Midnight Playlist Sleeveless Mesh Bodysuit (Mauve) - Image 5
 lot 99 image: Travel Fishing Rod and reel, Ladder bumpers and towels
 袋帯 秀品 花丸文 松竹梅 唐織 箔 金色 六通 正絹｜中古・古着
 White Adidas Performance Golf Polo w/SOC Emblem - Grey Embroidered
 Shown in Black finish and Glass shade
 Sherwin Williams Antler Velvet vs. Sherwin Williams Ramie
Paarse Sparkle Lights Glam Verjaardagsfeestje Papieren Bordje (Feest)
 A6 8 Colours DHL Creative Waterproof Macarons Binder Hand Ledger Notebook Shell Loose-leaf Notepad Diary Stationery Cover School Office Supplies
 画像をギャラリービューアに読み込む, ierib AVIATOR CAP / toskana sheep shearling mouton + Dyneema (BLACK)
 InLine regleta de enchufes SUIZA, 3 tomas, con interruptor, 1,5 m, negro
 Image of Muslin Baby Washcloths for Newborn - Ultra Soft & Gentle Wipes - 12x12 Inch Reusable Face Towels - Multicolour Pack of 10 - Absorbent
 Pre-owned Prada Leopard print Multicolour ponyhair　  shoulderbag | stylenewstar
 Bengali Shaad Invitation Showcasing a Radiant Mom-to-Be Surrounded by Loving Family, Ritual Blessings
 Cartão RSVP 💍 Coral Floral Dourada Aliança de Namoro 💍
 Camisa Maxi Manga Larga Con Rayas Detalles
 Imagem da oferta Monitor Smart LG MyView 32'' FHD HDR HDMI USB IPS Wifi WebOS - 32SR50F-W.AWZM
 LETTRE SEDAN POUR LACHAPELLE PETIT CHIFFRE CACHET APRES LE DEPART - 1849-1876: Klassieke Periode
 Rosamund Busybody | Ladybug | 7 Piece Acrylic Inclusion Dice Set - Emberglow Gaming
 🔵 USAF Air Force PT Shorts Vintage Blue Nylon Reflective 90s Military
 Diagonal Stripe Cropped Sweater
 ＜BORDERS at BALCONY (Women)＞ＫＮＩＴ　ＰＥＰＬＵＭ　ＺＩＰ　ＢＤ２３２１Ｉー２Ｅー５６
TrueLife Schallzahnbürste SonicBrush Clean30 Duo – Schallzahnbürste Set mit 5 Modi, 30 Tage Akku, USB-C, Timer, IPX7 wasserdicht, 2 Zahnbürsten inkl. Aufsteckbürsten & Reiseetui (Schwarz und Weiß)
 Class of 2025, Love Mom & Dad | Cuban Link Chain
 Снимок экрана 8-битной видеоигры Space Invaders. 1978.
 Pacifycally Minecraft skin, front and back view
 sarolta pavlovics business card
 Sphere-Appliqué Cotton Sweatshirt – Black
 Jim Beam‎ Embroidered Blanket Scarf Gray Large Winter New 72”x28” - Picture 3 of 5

------------------------------------------------------------

Description of the task: Line by line, please reproduce the records exactly.

Answer to this task:
Midnight Playlist Sleeveless Mesh Bodysuit (Mauve) - Image 5
 lot 99 image: Travel Fishing Rod and reel, Ladder bumpers and towels
 袋帯 秀品 花丸文 松竹梅 唐織 箔 金色 六通 正絹｜中古・古着
 White Adidas Performance Golf Polo w/SOC Emblem - Grey Embroidered
 Shown in Black finish and Glass shade
 Sherwin Williams Antler Velvet vs. Sherwin Williams Ramie
Paarse Sparkle Lights Glam Verjaardagsfeestje Papieren Bordje (Feest)
 A6 8 Colours DHL Creative Waterproof Macarons Binder Hand Ledger Notebook Shell Loose-leaf Notepad Diary Stationery Cover School Office Supplies
 画像をギャラリービューアに読み込む, ierib AVIATOR CAP / toskana sheep shearling mouton + Dyneema (BLACK)
 InLine regleta de enchufes SUIZA, 3 tomas, con interruptor, 1,5 m, negro
 Image of Muslin Baby Washcloths for Newborn - Ultra Soft & Gentle Wipes - 12x12 Inch Reusable Face Towels - Multicolour Pack of 10 - Absorbent
 Pre-owned Prada Leopard print Multicolour ponyhair　  shoulderbag | stylenewstar
 Bengali Shaad Invitation Showcasing a Radiant Mom-to-Be Surrounded by Loving Family, Ritual Blessings
 Cartão RSVP 💍 Coral Floral Dourada Aliança de Namoro 💍
 Camisa Maxi Manga Larga Con Rayas Detalles
 Imagem da oferta Monitor Smart LG MyView 32'' FHD HDR HDMI USB IPS Wifi WebOS - 32SR50F-W.AWZM
 LETTRE SEDAN POUR LACHAPELLE PETIT CHIFFRE CACHET APRES LE DEPART - 1849-1876: Klassieke Periode
 Rosamund Busybody | Ladybug | 7 Piece Acrylic Inclusion Dice Set - Emberglow Gaming
 🔵 USAF Air Force PT Shorts Vintage Blue Nylon Reflective 90s Military
 Diagonal Stripe Cropped Sweater
 ＜BORDERS at BALCONY (Women)＞ＫＮＩＴ　ＰＥＰＬＵＭ　ＺＩＰ　ＢＤ２３２１Ｉー２Ｅー５６
TrueLife Schallzahnbürste SonicBrush Clean30 Duo – Schallzahnbürste Set mit 5 Modi, 30 Tage Akku, USB-C, Timer, IPX7 wasserdicht, 2 Zahnbürsten inkl. Aufsteckbürsten & Reiseetui (Schwarz und Weiß)
 Class of 2025, Love Mom & Dad | Cuban Link Chain
 Снимок экрана 8-битной видеоигры Space Invaders. 1978.
 Pacifycally Minecraft skin, front and back view
 sarolta pavlovics business card
 Sphere-Appliqué Cotton Sweatshirt – Black
 Jim Beam‎ Embroidered Blanket Scarf Gray Large Winter New 72”x28” - Picture 3 of 5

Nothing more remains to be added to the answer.